* YOUR INSTRUCTIONS *
Below are several entries. Transcribe exactly those lines that fall from the one with "What does matter, though, is" through the one with "Summer means a", end lines included.

Collected data
------------

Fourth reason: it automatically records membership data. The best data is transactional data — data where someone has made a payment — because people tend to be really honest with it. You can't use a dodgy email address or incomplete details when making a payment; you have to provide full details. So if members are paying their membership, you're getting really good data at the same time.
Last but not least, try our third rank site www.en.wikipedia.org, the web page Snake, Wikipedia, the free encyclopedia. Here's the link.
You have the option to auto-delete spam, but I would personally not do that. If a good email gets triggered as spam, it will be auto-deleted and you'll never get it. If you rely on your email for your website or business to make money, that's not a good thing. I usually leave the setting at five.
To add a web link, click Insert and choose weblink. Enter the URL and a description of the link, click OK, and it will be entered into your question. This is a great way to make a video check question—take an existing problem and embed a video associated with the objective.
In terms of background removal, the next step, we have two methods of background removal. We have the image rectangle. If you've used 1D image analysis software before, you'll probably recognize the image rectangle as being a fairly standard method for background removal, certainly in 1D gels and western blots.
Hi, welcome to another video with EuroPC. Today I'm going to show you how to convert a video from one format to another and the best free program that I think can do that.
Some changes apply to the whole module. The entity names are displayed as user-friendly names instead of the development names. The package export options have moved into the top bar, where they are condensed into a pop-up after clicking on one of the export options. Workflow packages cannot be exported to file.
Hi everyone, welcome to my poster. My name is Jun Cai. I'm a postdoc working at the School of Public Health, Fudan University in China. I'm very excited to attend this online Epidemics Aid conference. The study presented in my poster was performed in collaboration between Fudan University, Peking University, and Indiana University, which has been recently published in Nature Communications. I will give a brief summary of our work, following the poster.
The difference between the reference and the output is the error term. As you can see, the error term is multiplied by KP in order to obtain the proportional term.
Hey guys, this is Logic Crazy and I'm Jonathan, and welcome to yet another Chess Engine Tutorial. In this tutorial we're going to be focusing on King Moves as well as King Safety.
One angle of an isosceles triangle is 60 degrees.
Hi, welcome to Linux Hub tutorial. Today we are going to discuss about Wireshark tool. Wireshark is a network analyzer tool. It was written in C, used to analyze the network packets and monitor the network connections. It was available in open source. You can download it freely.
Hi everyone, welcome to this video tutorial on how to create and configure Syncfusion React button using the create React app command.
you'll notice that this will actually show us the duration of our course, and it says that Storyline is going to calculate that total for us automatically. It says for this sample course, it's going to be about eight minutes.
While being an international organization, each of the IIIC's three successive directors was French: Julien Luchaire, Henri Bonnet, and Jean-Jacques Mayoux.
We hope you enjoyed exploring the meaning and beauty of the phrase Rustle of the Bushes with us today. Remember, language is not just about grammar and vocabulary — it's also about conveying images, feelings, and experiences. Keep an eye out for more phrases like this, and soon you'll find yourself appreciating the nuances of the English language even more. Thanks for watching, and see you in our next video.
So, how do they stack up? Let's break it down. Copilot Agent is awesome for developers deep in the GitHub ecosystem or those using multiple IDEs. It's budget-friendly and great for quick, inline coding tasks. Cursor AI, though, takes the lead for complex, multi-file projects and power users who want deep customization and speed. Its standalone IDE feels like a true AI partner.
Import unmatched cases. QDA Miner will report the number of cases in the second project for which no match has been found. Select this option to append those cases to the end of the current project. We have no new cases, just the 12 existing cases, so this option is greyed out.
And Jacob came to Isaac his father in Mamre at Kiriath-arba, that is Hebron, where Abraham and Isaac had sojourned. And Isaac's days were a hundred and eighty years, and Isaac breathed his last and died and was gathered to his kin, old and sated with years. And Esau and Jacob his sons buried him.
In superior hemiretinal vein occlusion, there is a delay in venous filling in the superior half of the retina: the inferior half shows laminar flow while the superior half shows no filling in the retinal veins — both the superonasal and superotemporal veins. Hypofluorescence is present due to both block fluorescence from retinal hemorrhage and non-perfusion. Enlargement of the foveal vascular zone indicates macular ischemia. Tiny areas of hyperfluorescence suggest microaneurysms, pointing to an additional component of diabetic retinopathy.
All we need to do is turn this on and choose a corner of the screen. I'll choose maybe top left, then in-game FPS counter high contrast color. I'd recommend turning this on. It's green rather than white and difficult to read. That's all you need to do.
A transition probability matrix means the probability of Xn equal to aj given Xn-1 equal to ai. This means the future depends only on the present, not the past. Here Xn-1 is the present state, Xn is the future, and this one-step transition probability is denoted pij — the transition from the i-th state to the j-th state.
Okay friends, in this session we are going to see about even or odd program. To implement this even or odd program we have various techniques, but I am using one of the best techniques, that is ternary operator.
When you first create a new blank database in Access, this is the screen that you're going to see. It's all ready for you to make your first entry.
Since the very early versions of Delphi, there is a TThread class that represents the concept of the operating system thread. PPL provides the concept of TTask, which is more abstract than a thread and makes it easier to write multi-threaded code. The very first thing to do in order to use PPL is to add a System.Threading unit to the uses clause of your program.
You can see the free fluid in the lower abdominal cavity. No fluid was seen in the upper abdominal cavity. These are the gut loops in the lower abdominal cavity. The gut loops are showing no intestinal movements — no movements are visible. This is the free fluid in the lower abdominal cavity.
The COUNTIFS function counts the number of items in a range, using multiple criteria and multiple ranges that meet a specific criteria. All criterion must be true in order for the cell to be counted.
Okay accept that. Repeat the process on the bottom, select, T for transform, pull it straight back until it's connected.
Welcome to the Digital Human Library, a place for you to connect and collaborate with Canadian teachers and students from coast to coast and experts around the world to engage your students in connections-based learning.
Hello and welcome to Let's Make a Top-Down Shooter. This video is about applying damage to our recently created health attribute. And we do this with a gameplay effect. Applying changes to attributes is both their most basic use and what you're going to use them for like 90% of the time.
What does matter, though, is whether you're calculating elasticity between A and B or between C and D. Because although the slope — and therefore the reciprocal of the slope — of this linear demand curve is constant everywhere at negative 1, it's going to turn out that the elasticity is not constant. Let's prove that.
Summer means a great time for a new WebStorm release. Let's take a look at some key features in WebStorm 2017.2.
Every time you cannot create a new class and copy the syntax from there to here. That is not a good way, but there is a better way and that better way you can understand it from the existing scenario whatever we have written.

------------

* ANSWER TO THIS EXERCISE *
What does matter, though, is whether you're calculating elasticity between A and B or between C and D. Because although the slope — and therefore the reciprocal of the slope — of this linear demand curve is constant everywhere at negative 1, it's going to turn out that the elasticity is not constant. Let's prove that.
Summer means a great time for a new WebStorm release. Let's take a look at some key features in WebStorm 2017.2.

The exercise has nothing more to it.